Content starts
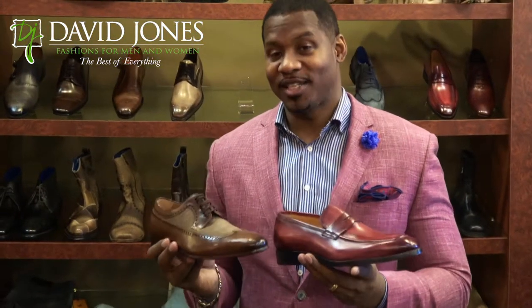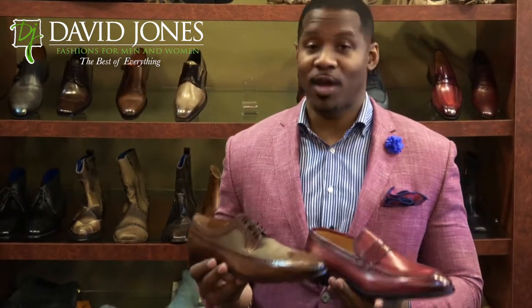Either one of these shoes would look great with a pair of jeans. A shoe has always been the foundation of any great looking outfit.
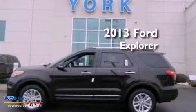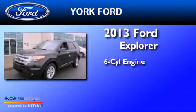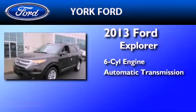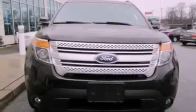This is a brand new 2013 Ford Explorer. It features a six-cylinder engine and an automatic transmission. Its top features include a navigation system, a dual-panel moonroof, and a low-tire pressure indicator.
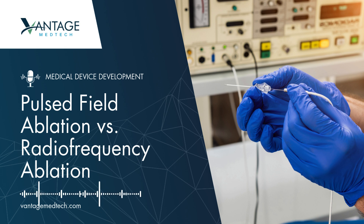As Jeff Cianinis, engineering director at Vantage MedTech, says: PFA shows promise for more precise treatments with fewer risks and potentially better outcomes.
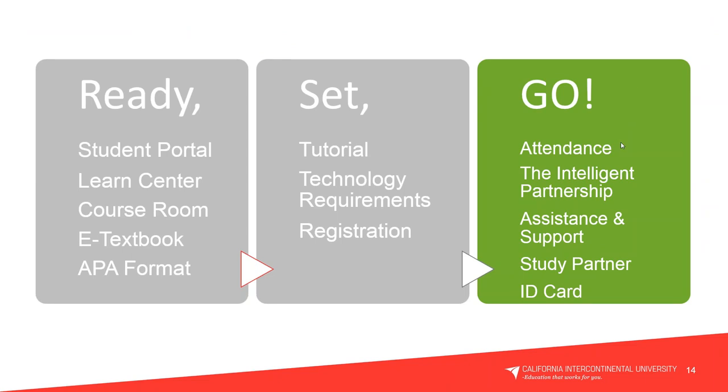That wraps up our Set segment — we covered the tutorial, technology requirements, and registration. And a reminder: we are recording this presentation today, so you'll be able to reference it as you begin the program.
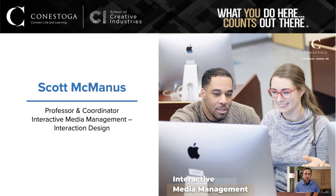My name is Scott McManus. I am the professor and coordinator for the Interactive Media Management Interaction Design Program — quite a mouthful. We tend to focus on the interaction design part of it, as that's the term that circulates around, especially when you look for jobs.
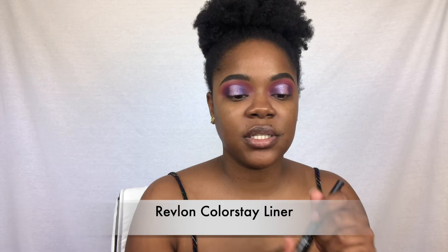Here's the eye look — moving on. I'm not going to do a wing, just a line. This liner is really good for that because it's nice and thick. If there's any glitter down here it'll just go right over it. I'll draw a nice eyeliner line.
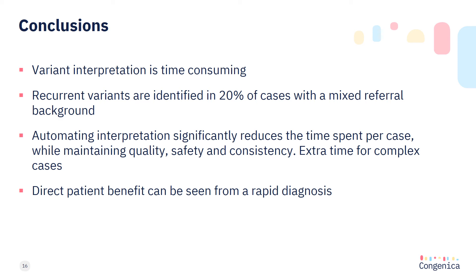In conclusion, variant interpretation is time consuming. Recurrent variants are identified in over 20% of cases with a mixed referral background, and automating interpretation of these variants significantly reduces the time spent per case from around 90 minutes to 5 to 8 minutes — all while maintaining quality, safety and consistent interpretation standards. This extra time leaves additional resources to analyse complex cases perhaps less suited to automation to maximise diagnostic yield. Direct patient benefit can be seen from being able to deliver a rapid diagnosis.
Content ends
Content starts
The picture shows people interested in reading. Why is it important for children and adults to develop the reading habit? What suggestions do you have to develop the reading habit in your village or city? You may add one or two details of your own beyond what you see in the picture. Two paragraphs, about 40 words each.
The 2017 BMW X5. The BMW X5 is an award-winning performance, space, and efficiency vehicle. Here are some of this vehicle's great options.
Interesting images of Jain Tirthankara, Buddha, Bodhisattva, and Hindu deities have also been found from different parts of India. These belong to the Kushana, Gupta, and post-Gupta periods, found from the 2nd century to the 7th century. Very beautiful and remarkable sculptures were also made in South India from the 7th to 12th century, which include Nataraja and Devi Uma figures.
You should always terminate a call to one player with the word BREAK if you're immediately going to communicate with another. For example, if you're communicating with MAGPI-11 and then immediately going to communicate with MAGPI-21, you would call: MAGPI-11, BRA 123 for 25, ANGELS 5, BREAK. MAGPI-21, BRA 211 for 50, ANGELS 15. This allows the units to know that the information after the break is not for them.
Content ends
Content starts
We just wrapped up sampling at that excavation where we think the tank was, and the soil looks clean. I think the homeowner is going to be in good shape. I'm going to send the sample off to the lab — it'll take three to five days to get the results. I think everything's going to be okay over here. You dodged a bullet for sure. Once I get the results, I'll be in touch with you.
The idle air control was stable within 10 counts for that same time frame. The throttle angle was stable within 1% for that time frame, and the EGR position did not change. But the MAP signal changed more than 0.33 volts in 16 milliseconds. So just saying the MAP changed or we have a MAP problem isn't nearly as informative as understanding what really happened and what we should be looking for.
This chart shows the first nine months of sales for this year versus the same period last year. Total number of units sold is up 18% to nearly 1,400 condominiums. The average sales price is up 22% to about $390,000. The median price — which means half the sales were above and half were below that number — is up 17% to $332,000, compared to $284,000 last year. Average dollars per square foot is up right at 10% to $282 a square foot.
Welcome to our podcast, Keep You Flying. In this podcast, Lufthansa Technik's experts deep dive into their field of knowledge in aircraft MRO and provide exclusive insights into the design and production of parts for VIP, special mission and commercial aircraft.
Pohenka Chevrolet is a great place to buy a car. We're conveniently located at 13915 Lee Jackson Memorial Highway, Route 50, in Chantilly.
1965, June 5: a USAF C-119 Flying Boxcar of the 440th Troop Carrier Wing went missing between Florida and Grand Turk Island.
Content ends
Exercise description:
Your answer is the exact run of lines above from the one with "Here's the eye" through the one with "In conclusion, variant", both ends included, minus any picture.

Problem solution:
Here's the eye look — moving on. I'm not going to do a wing, just a line. This liner is really good for that because it's nice and thick. If there's any glitter down here it'll just go right over it. I'll draw a nice eyeliner line.
In conclusion, variant interpretation is time consuming. Recurrent variants are identified in over 20% of cases with a mixed referral background, and automating interpretation of these variants significantly reduces the time spent per case from around 90 minutes to 5 to 8 minutes — all while maintaining quality, safety and consistent interpretation standards. This extra time leaves additional resources to analyse complex cases perhaps less suited to automation to maximise diagnostic yield. Direct patient benefit can be seen from being able to deliver a rapid diagnosis.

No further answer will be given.